I already have all the stuff.

It is now perfectly obvious that I’m pregnant. It’s no mistake, you can’t miss it.
A lot of people ask me if this is my first, and when I reply that it’s my third it eventually comes out:
I’m having another boy.

Three boys?!
Yes. Three boys.

And you know what? I’m looking forward to it.  No, I’m not crazy.

Here’s a typical conversation with a stranger, client, or acquaintance:

“Do you know what you’re having?”
“We’re having another boy”
“And your other two are…?”
“Both boys”
“Wow. Three boys. You’re going to be busy.”
“Yes, it should be lots of fun. We’re looking forward to it.”
“Whew. Well good luck. Do you think you’ll try again for a girl?”
“Thank you.  You know, honestly, I was hoping for another boy, so it all works out. If we decided to have 4 we’ll be trying for a 4th, not specifically for a boy or a girl”
Pause “well I guess that makes sense, I mean boys are easy, and you already have all the stuff”

I already have all the stuff?

Do people really hope for one gender or another because they already have the “stuff”?

I should say, I’ve always understood boys a little better than girls. I relate to them a little easier. I appreciate their humor and the way they look at life.  Admittedly, I was always a person who related to my male friends better than my female friends (if I had any) and it wasn’t until I became an adult and after I was married that I established more close relationships with women than with men. I’ve found having a house full of boys feels quite natural to me.

But not only do I have the “stuff” for boys… I actually like raising boys.
Yeah, the parenting part.

Now, I wouldn’t have been disappointed to have a girl either. I can see the appeal. Yes, the clothes are cuter. But also, it would be nice to have someone to “pass down” things that are unique to being a woman.  There is a bond there and I can certainly appreciate that.

At one time I imagined having a daughter, and teaching her to be a strong, confident, feminist woman.
And yet, it is just as important to start teaching our boys to be strong, confident, feminist men. It seems to me that raising boys who value and respect women is just as important than raising girls who assert themselves. Imagine if we put the same amount of effort into raising confident, feminist boys as we spent empowering our daughters.

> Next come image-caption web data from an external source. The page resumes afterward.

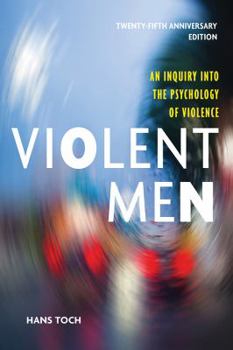 Paperback Violent Men: An Inquiry Into the Psychology of Violence Book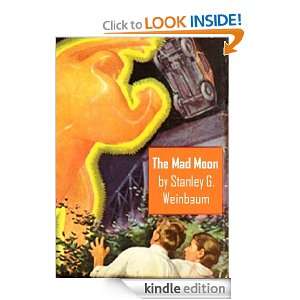 The Mad Moon Stanley G. Weinbaum  Kindle Store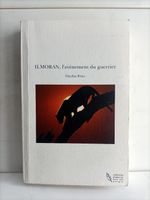 Ilmoran - L'avènement du guerrier / Nicolas Feuz / TheBookEd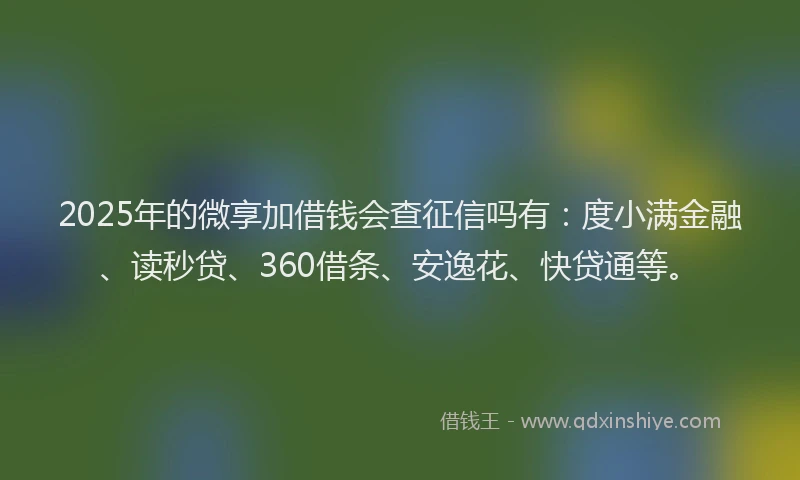 2025年的微享加借钱会查征信吗有：度小满金融、读秒贷、360借条、安逸花、快贷通等。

So, I’ll take my thoughtful, affectionate, sweet and sometimes overly energetic boys. We’ll knock down the biggest block towers, build cities out of Legos read adventure stores and watch superhero movies.  I’ll break up the game war (where they kick each other until one of them cries), spot them when they use the bunk bed as a jungle gym, laugh at the fart jokes and play tag. I’ll comfort them after they’ve fallen doing exactly what I just told them not to, and occasionally, if I’m really feeling generous, we’ll even battle with action figures.

I’m ecstatic about having another one in the mix. I wouldn’t change it for a thousand tiny dresses.  I have plenty of things about being a woman that I get to pass on to them, just, in a different way.

And besides, I’ve already got the stuff.